Edmundo Paz Soldán
Hace algunos meses, la revista norteamericana Foreign Policy y la inglesa The Prospect publicaron una lista de los cien intelectuales más influyentes en el mundo. Los responsables de la lista definían al intelectual de manera amplia, como "alguien que se ha distinguido en su campo y que a la vez se ha demostrado capaz de comunicar sus ideas e influir en el debate más allá de su campo". Ante la triste sorpresa de que en esa lista sólo se encontraban cuatro latinoamericanos–Mario Vargas Llosa, Fernando Henrique Cardozo, Hernando de Soto y Enrique Krauze–, se inició un debate acerca de la relevancia de los intelectuales en España y América Latina. Ahora, la edición española de Foreign Policy ofrece una lista de "los cincuenta intelectuales más influyentes en Iberoamérica", dominada por escritores: hay alrededor de veinte, entre los que se encuentran Jorge Edwards, Nelida Piñón, José Saramago y Jorge Volpi).

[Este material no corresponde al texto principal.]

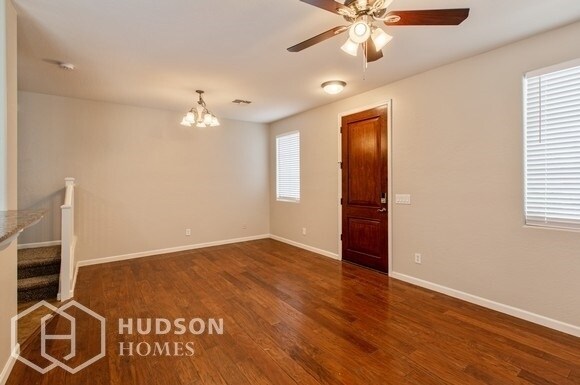 Foto del edificio - GET 1ST FULL MONTH'S RENT FREE! - 10125 E ...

Más allá del hecho de que siempre sorprende encontrarse en una de estas listas, hay que verlas como lo que son: caprichosas, arbitrarias, más un punto de partida para la discusión que uno de llegada. Así, me interesa destacar un par de cosas. ¿Es posible reconciliar la lista de Foreign Policy con las versiones del intelectual/escritor que nos han dejado algunas de las más grandes novelas latinoamericanas recientes? El fin del siglo veinte produjo novelas con intelectuales y/o escritores marginales, que habían perdido su lugar central en el debate público o que lo cuestionaban profundamente. Tres novelas relevantes tienen que ver con ese tema: en Respiración artificial, Ricardo Piglia imagina al intelectual como un exiliado en su propio país, tratando desesperadamente de encontrar el sentido extraviado de la historia argentina; en La virgen de los sicarios, Fernando Vallejo crea un intelectual desarraigado, un gramático al que no le queda más que un discurso apocalíptico ante la constatación del fracaso del proyecto decimonónico de nación; en Los detectives salvajes, Roberto Bolaño crea a unos poetas vitalistas que cuestionan la misma idea de la obra –pues ésta no es más que un paso hacia la institucionalización de la literatura que tanto detestan–, y que se consideran enemigos de esos grandes del establishment literario: Paz, Neruda.
Según Nicola Miller en su indispensable In the Shadow of the State, en América Latina el concepto de "intelectual" se usaba hasta mediados del siglo XX prácticamente como un sinónimo de "escritor": el intelectual era el escritor que intervenía en la esfera pública y que tenía algún tipo de relación con el poder. Luego, la expresión comenzó a extenderse a los cientistas sociales. En su libro, Miller también sugiere que no se puede operar sobre la base de una definición fija del concepto de "intelectual"; lo que vale la pena analizar son "los cambios de criterio" para la definición, reveladores "de la relación entre poder y conocimiento en una sociedad". Así, si bien la lista de Foreign Policy está llena de escritores, políticos y cientistas sociales, llama la atención la presencia de Almodóvar, Jaime Bayly y Yoani. Almodóvar es el único cineasta de la lista; en la tan mentada era de la imagen, ¿no debería haber más? Bayly es escritor, pero también un exitoso conductor de programas televisivos. De nuevo: el mundo de la televisión tendría que estar más representado. En cuanto a Yoani, ella es la única que ha ingresado a la lista por su trabajo exclusivo como blogger.
Foreign Policy muestra tímidos cambios de criterio en la definición del intelectual. Algunas novelas latinoamericanas del fin de siglo, y la inclusión de Almodóvar, Bayly y Yoani en la lista, señalan el camino a seguir para los próximos años: habrá menos escritores, habrá más gente del mundo del cine y la televisión, habrá más bloggers.